Longitudinal changes in epitope recognition of autoantibodies against glutamate decarboxylase 65 (GAD65Ab) in prediabetic adults developing diabetes.

作者信息

Hampe C S, Hall T R, Agren A, Rolandsson O

机构信息

Department of Medicine, University of Washington, Seattle, WA, USA.

出版信息

Clin Exp Immunol. 2007 Apr;148(1):72-8. doi: 10.1111/j.1365-2249.2007.03334.x.

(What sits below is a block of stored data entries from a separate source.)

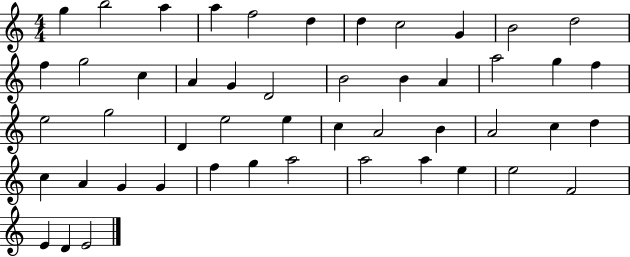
{
  \clef treble
  \numericTimeSignature
  \time 4/4
  \key c \major
  g''4 b''2 a''4 | a''4 f''2 d''4 | d''4 c''2 g'4 | b'2 d''2 | \break f''4 g''2 c''4 | a'4 g'4 d'2 | b'2 b'4 a'4 | a''2 g''4 f''4 | \break e''2 g''2 | d'4 e''2 e''4 | c''4 a'2 b'4 | a'2 c''4 d''4 | \break c''4 a'4 g'4 g'4 | f''4 g''4 a''2 | a''2 a''4 e''4 | e''2 f'2 | \break e'4 d'4 e'2 | \bar "|."
}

DOI:10.1111/j.1365-2249.2007.03334.x
PMID:17286757
原文链接:https://pmc.ncbi.nlm.nih.gov/articles/PMC1868852/
Abstract

We analysed the beta cell-specific autoimmunity reflected in autoantibodies to the smaller isoform of glutamate decarboxylase (GAD65Ab) in the prediabetic period of GAD65Ab-positive healthy adults who developed Type 2 diabetes (T2D) during a follow-up period of 10 years. We found that of the adults that tested GAD65Ab-positive at baseline (n=25), six developed T2D and one developed Type 1 diabetes (T1D). Of the subjects that tested GAD65Ab-negative at baseline (n=2209), 81 developed T2D, one developed T1D and four developed unclassified diabetes, indicating that the risk for GAD65Ab-positive healthy adults to develop diabetes is increased sixfold. The GAD65Ab epitopes were characterized in a competition radioligand binding assay using recombinant Fab derived of GAD65-specific monoclonal antibodies. We observed that the GAD65Ab epitope specificities in the prediabetic period changed dynamically. Specifically, the binding to a middle and a C-terminal epitope increased during the follow-up period (P=0 x 03), causing a significant increase in the number of epitopes recognized (P=0 x 03). These findings are similar to previous observations of dynamic changes in the prediabetic period of schoolchildren at high risk for T1D development. However, the character of the epitopes differs between the two populations, suggesting differences in the beta cell-specific autoimmune response in the prediabetic period of patients with latent autoimmune diabetes in adults (LADA) and T1D.

摘要

我们分析了谷氨酸脱羧酶较小异构体自身抗体(GAD65Ab)所反映的β细胞特异性自身免疫,这些自身抗体来自在10年随访期内发展为2型糖尿病(T2D)的GAD65Ab阳性健康成年人的糖尿病前期。我们发现,在基线时检测GAD65Ab呈阳性的成年人中(n = 25),有6人发展为T2D,1人发展为1型糖尿病(T1D)。在基线时检测GAD65Ab呈阴性的受试者中(n = 2209),81人发展为T2D,1人发展为T1D,4人发展为未分类糖尿病,这表明GAD65Ab阳性健康成年人患糖尿病的风险增加了六倍。使用源自GAD65特异性单克隆抗体的重组Fab,通过竞争放射性配体结合试验对GAD65Ab表位进行了表征。我们观察到,糖尿病前期的GAD65Ab表位特异性会动态变化。具体而言,在随访期间,与中间和C端表位的结合增加(P = 0.03),导致识别的表位数量显著增加(P = 0.03)。这些发现与先前对有发展为T1D高风险的学童糖尿病前期动态变化的观察结果相似。然而,这两个人群的表位特征有所不同,这表明成人隐匿性自身免疫性糖尿病(LADA)和T1D患者糖尿病前期β细胞特异性自身免疫反应存在差异。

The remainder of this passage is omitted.